In order to correctly decipher the potential consequences of Hungary’s behavior under EU State aid law, it is necessary to make a distinction between the part of the aid scheme declared compatible in the tax benefit scheme in the Hungarian sport sector decision, i.e. the donations for the sport infrastructures used by the professional sport organizations, and the donations used to cover personnel costs. Due to the fact that these two types of donation destinations were allowed based on two different exception procedures (the general exception found in Article 107(3)c) TFEU for the aid to sport infrastructure, and the General Block Exemption Regulation or the de minimis aid Regulation for the aid to cover personnel costs), the rules on reviewing and monitoring aid differ slightly. This blog will only focus on the review and monitoring rules of the tax benefit scheme in the Hungarian sport sector decision. 


Reviewing and monitoring State aid schemes – a Commission obligation?

A decision to approve an aid scheme (also known as a “positive decision” under Article 9(3) of the Procedural Regulation 2015/1589), should not fully release the Commission from any obligations regarding ex post control of that scheme. As can be read from Article 108(1) TFEU, “(t)he Commission shall, in cooperation with Member States, keep under constant review all systems of aid existing in those States.
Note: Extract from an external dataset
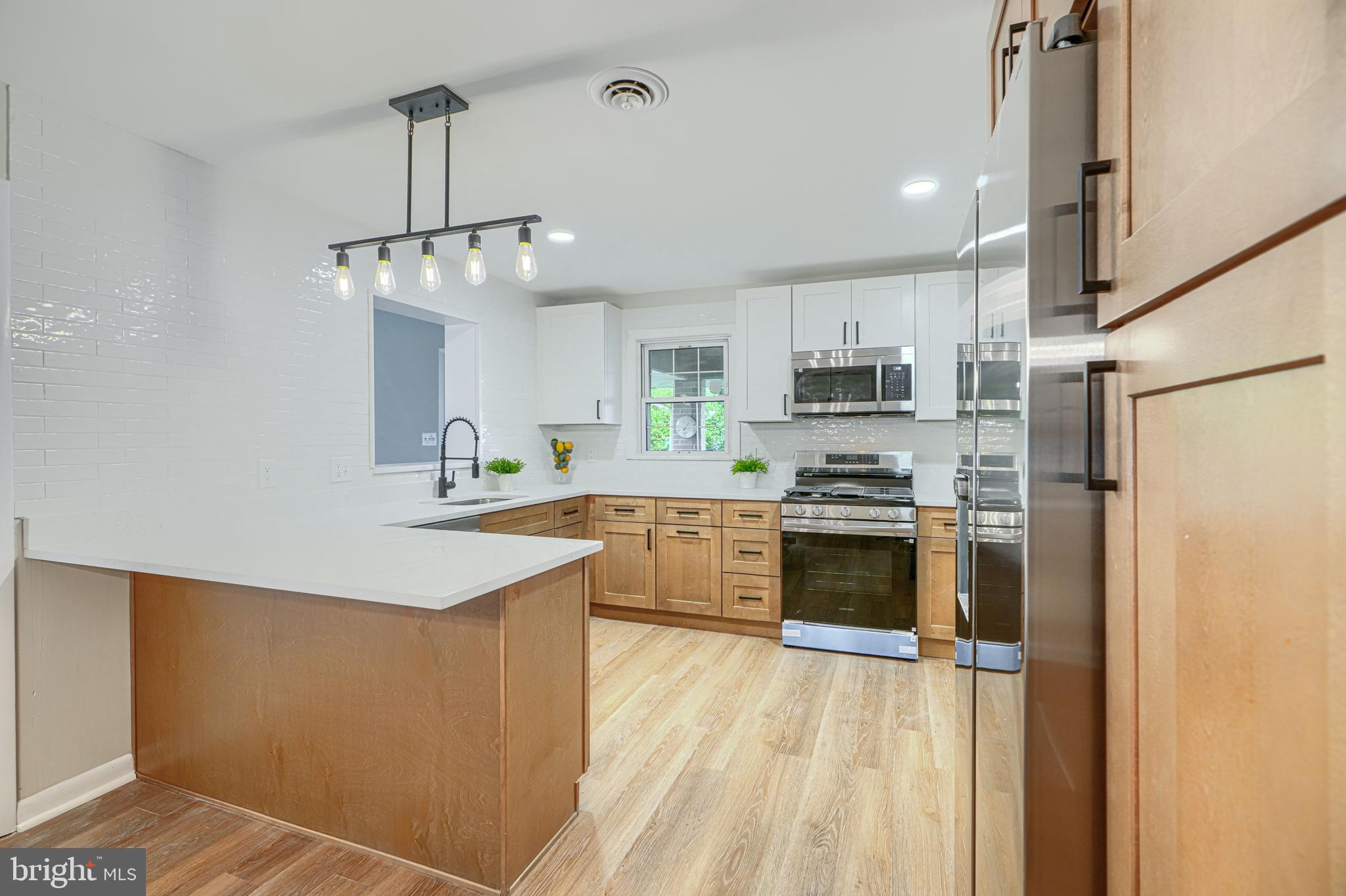 1237 South 48th Street Baltimore, MD 21222 - Photo 12 of 70 Renovated kitchen with new SS appliances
It shall propose to the latter any appropriate measure required by the progressive development or by the functioning of the internal market.”

The Commission’s responsibilities appear straightforward. After declaring the Hungarian tax benefit scheme compatible with EU law, it is obliged to review the implementation and usage of the aid by the Member State and the beneficiary, or beneficiaries. The CJEU settled as far back as 1974 that the Commission’s obligation to review existing aid is binding and that the Member States in question the obligation to cooperate with the Commission.[1] In fact, as Advocate General Lenz stated in his opinion in the Namur-Les Assurances du Crédit case, the Commission’s task to constantly review aid is even more necessary for aid schemes, like the Hungarian tax benefit scheme, as compared to individually authorized aid measures.[2] Pursuant to Article 108(1) TFEU and Article 21 of the Procedural Regulation, where the Commission considers that an existing aid scheme is not, or is no longer, compatible with the internal market instead of immediately launching a formal investigation, the Commission must issue a recommendation to the Member State concerned. The recommendation may propose, in particular:

  1. Substantive amendment of the aid scheme;
  2. Introduction of procedural requirements; or
  3. Abolition of the aid scheme.[3]

It is important to note that in accordance with Article 288 TFEU, fifth sentence, recommendations have no binding force. Therefore, the proposed measure itself is not binding for the Member State. Only where the Member State accepts the proposed measure, shall it be bound by its acceptance to implement the appropriate measure.[4] However, if the Member State refuses to accept and implement the recommendations, the Commission could launch a formal investigation in accordance with Article 108(2).[5] Article 108 (1) TFEU and Article 21 of the Procedural Regulation also require the Member States to cooperate with the Commission for the purpose of reviewing aid schemes. This cooperation is further specified in Article 26 of the Procedural Regulation, which obliges Member States to submit annual reports on existing aid schemes to the Commission.[6] The reports allow the Commission to monitor the compliance with the positive decision by the Member State. As was already discussed in part 1 of this blog, Hungary too is required to submit a yearly monitoring report containing information on the total aid amount allocated, the sport infrastructure projects funded, their beneficiaries, etc.[7] A failure by Hungary to submit an annual report, would allow the Commission to propose an appropriate measure as listed above.[8] Whether Hungary actually submits annual reports to the Commission is currently unclear.      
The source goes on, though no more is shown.